County staff aim for same services, at same cost
The Beaufort County Board of Commissioners is heading into budget season, as county staff launches into compiling the county’s 2019-20 budget.
On Jan. 28, commissioners gathered for a strategic planning retreat, consulting with department heads and directors of county-funded agencies in the first phase of piecing together a budget for the next fiscal year. For the next month, county staff will be putting together that budget — a budget based on providing the same services this year as it supplied last year, according to county Manager Brian Alligood.
“The county departments are putting their budgets together and the county staff is just waiting for them to get those in, then we’ll sit down with each of the department heads and go through them and compile them all together,” Alligood said.
Two weeks ago, county finance staff and the Board of Commissioners met for a retreat and heard from each department head about needs for the coming fiscal year.

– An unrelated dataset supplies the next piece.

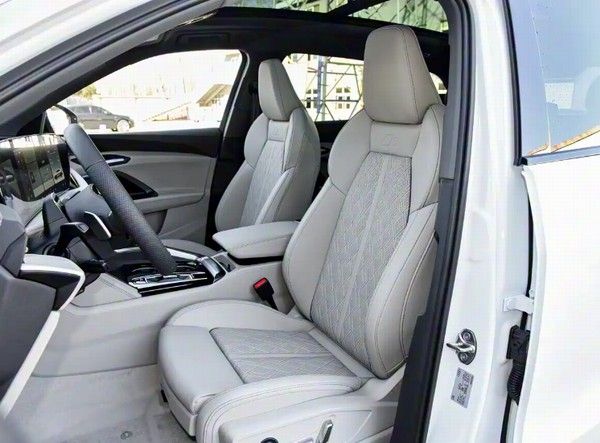 全新奥迪Q5L中型SUV第五代EA888 Evo5新车年内上市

One new expense is the county’s contribution to the North Carolina public employees retirement system which, historically, has not met its stated rate of return for the past 15 years, according to State Treasurer Dale Folwell.
“They’ve used projections over the years on about seven, seven and half percent, but they’ve never returned 7 percent,” Alligood said. “They are increasing (contributions) this year — there was already a plan a couple of years ago to increase employer contributions to the fund. Last year, they had a negative returns, and the actuaries said, ‘You gotta change it.’ It’s going up 1.2 percent, which is about $220,000 for us.”
During last week’s regular meeting of the Beaufort County commissioners, Commissioner Stan Deatherage suggested county finance office staff shave 5 percent off of last year’s budget, or $2.986 million, a position fellow commissioner Hood Richardson supported.
Alligood, however, said decreasing the budget across the board is a lot harder than one would think.
“It would be pretty difficult. That’s three million dollars. From my perspective, you look at three million dollars out of that budget, you have to look at programs you’ll have to take out,” Alligood said, explaining that departments with large budgets may be able to handle such a cut, but for other, smaller, departments, a decrease of 5 percent to an already tight budget could greatly affect departmental abilities. “It would not be an easy chore, especially without some direction on what kind of policy changes they want to look at.”
Commissioners then voted 2-5 against instructing staff to decrease each department’s budget by 5 percent.
On May 13, Alligood will present the 2019-20 budget overview to the Board of Commissioners. A few days later, commissioners will have the opportunity to put their own stamps on the budget through a series of budget workshops. Budget workshops will take place at 5 p.m. on the following days:
- May 16 — Budget workshop, General Fund
- May 20 — Budget workshop, General Fund and Enterprise Funds
- May 21 — Budget workshop, Service Expansion (county and outside agencies)
- May 23 — Budget workshop, finalize budget
On June 3, a 2019-20 budget public hearing will be held at the Board’s regularly scheduled meeting, followed by a special meeting June 10 in which commissioners will adopt the final budget.
All budget workshops/meetings are open to the public.